In addition to the Precise approach shown above, we can also look for different values of n that solve the problem.
This is an Alternative approach.

There are at least 4 members in the playgroup so n is at least 2.

(1) If n = 2 then Josh and Adam must be chosen and p = 1.
If n = 3 then there are 6C4 ways to choose any 4 members and 4C2 ways to choose Josh, Adam and an additional 2 of the remaining 4
Then p = 4!/2!2! : 6!/4!2! which simplifies to 12/30 = 2/5 as required. So n = 3 is possible.
Let's see what happens when we increase n.
If n = 4 then p = 6C2 : 8C4 which simplifies to 20/42, or about half.
Looks like increasing n increases p!

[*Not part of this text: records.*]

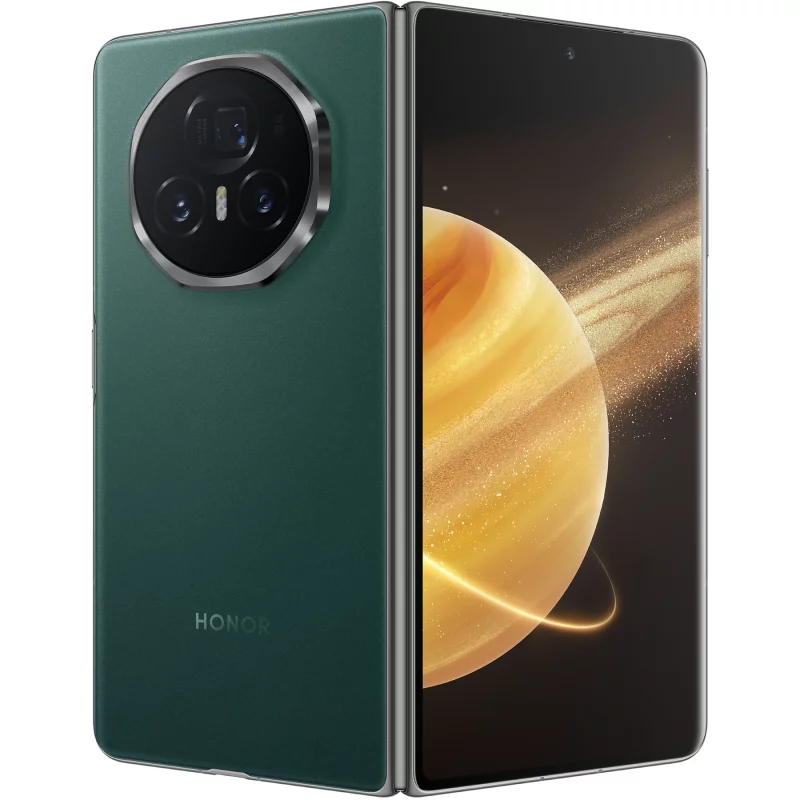 Image : HONOR Magic V3 Vert 12+512Go Smartphone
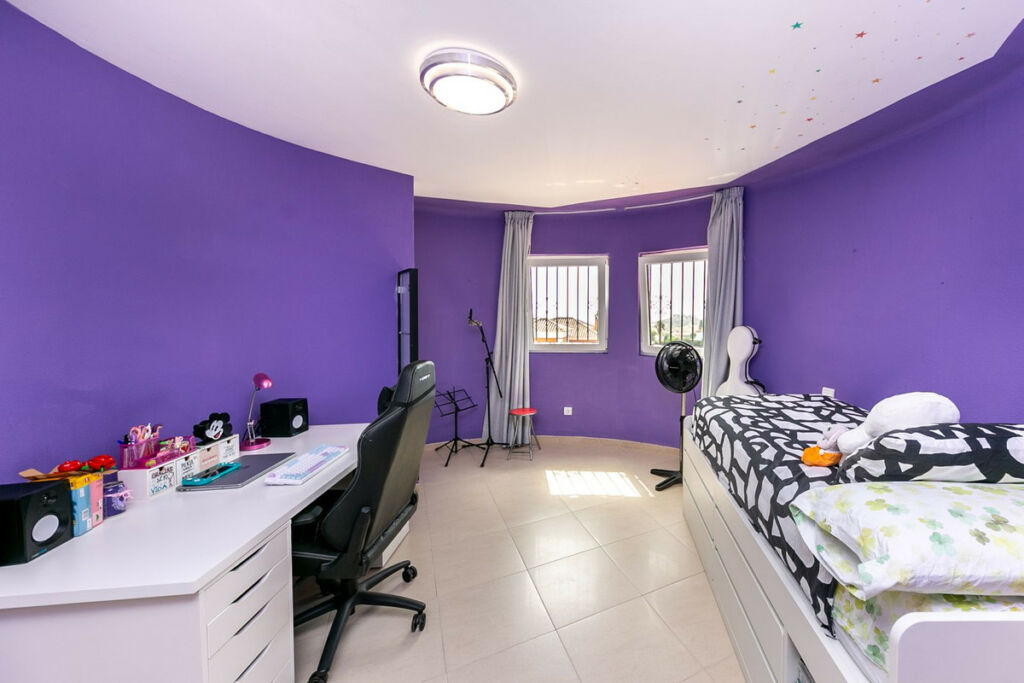 Detached Villa Benalmadena Málaga - image 28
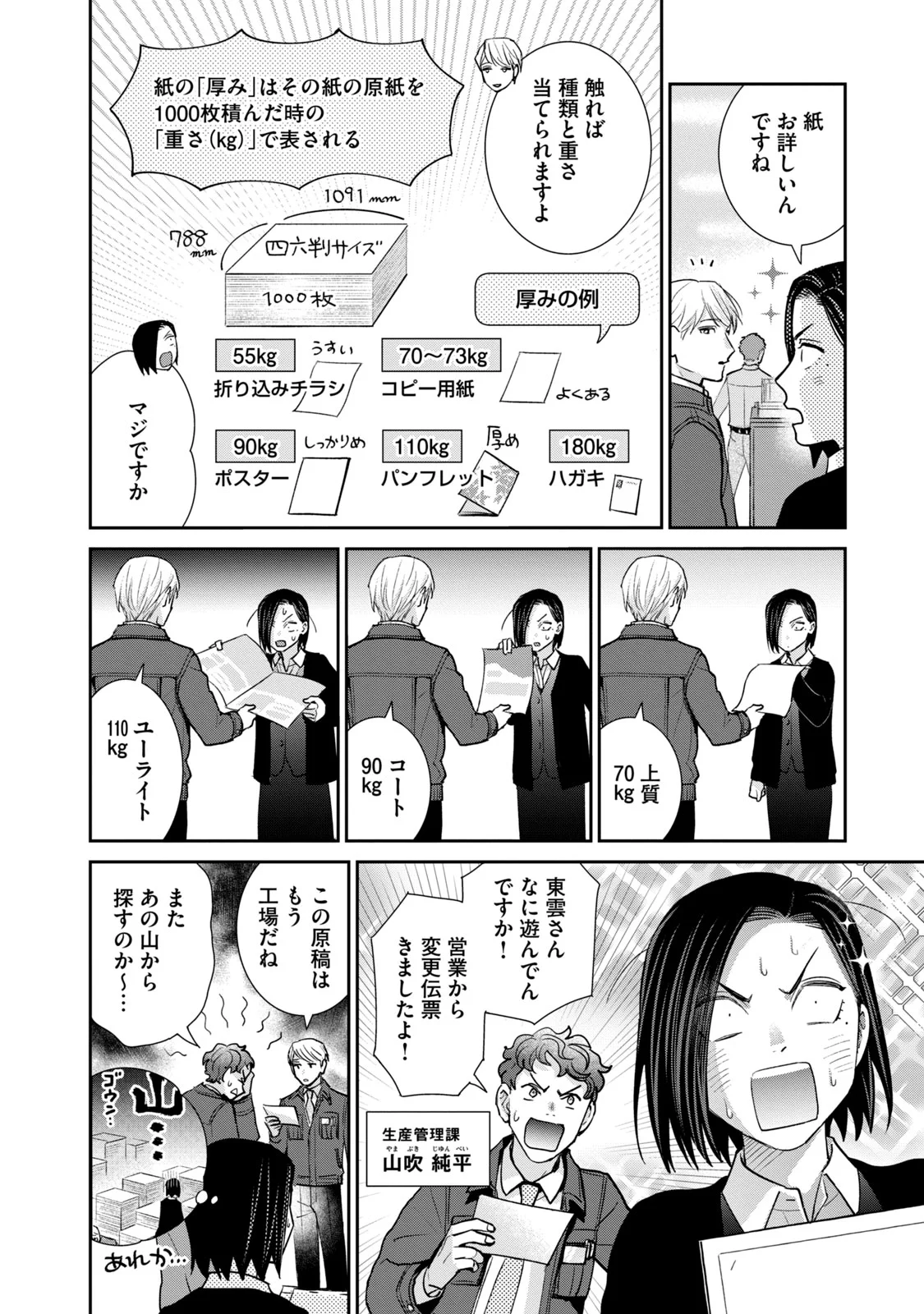 染谷みのる✏️刷ったもんだ！14巻5/22発売 (@someya28) / X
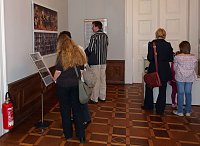 Ausstellung Paul Stade Bild: Ausstellung Paul Stade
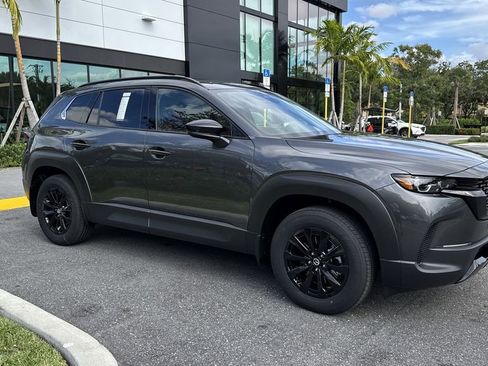 New 2026 MAZDA CX-50 AWD 2.5 Hybrid w/ Weather Package image 6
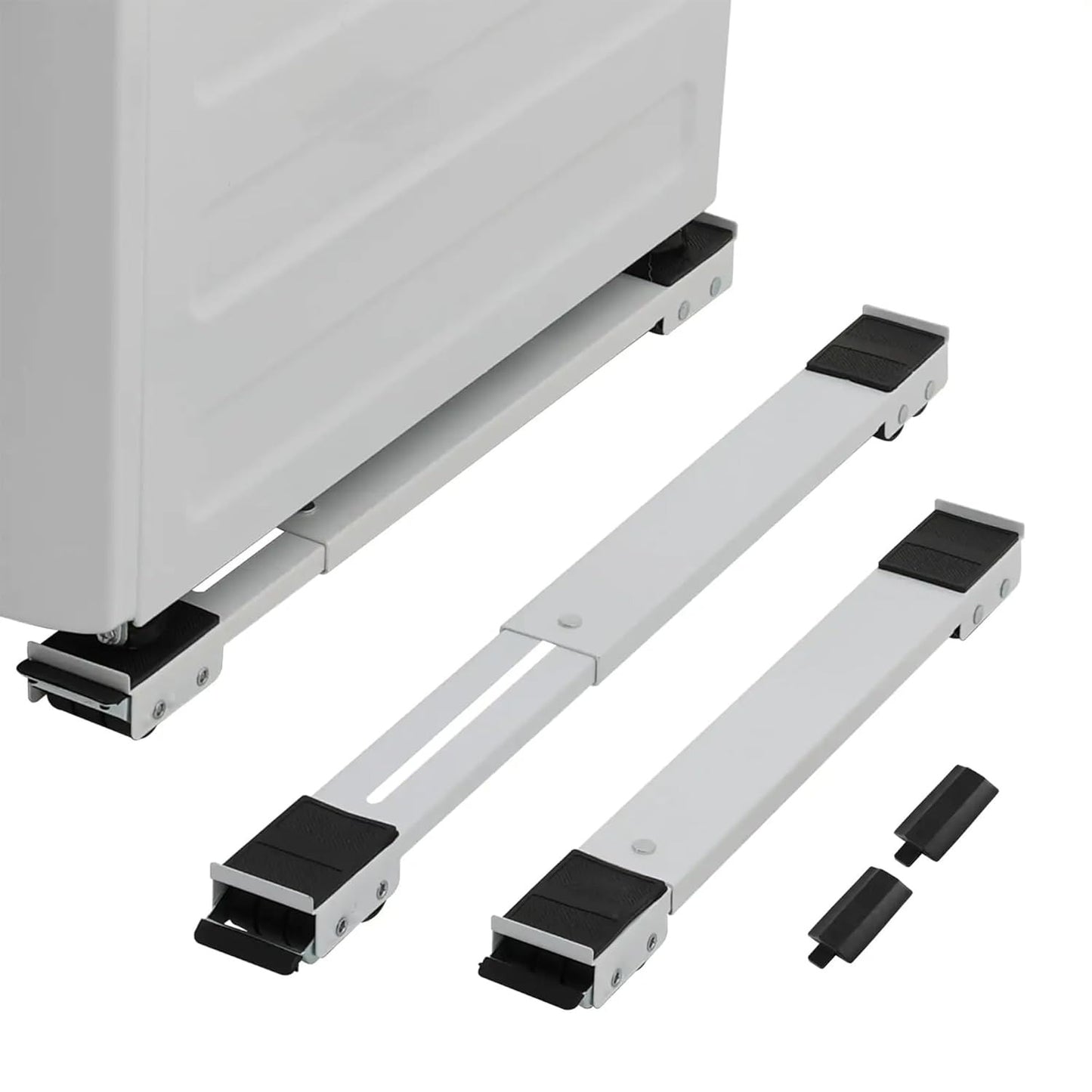 Heavy Load Furniture Lifter Mover Tool Set - Moving Roller Wheel Set Easy and Safe Shifting Slider Tools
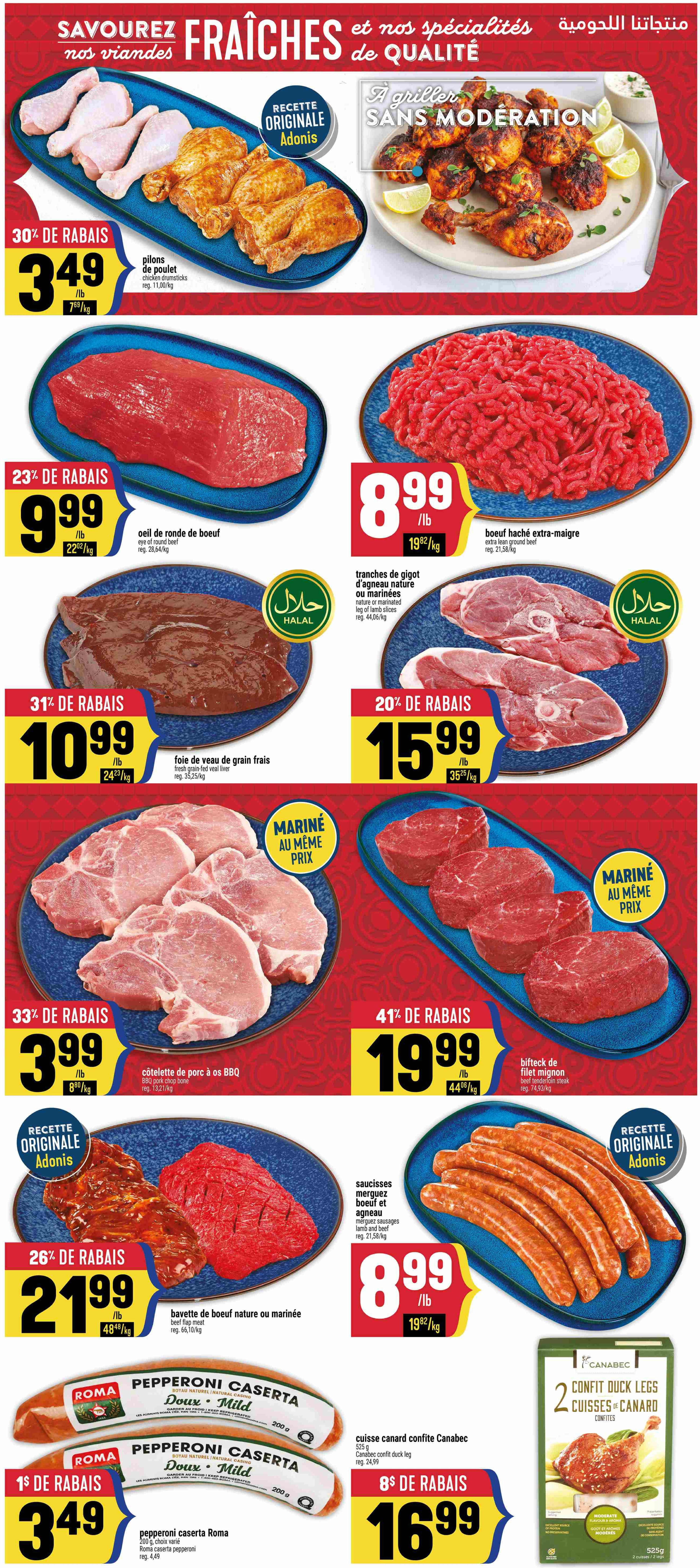 adonis - Adonis flyer valid from 09-04 - 09-10 - page: 5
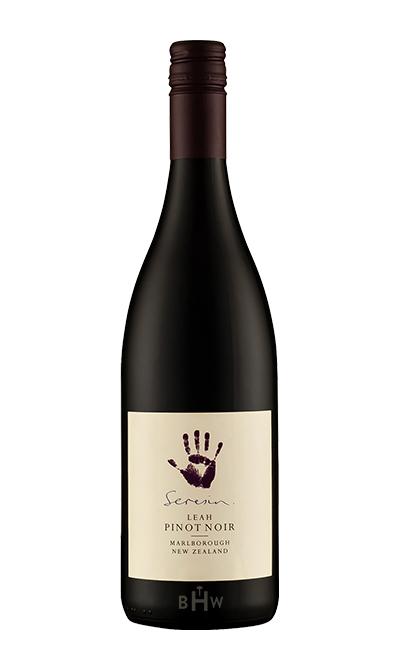 Youngs Red 2016 Seresin Leah Marlborough Pinot Noir New Zealand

Let's try one last one:
If n = 5 then p = 8C2 : 10C4 which simplifies to 60/90 another increase.
(1) is sufficient.

(2) Once again, if n = 2 then p = 1, impossible.
If n = 3 then we need to choose two of three pairs or 3C2 out of 6C4 total ways to choose the members.
This gives 3!/2! : 6!/4!2! = 1/5.
Trying n = 4 would give 4C2 : 8C4 which simplifes to 12/140, less than 1/5.
Since the trend is decreasing, (2) is also sufficient.

(D) is our answer.


** small note: As per chetan2u comment above, changing the number of things we are counting almost always changes the total probability.
So, if you can create an equation then it is very likely that this equation has only one solution.
This is why, once we can see that we have sufficient information to create an equation, we should feel comfortable guessing 'Sufficient'.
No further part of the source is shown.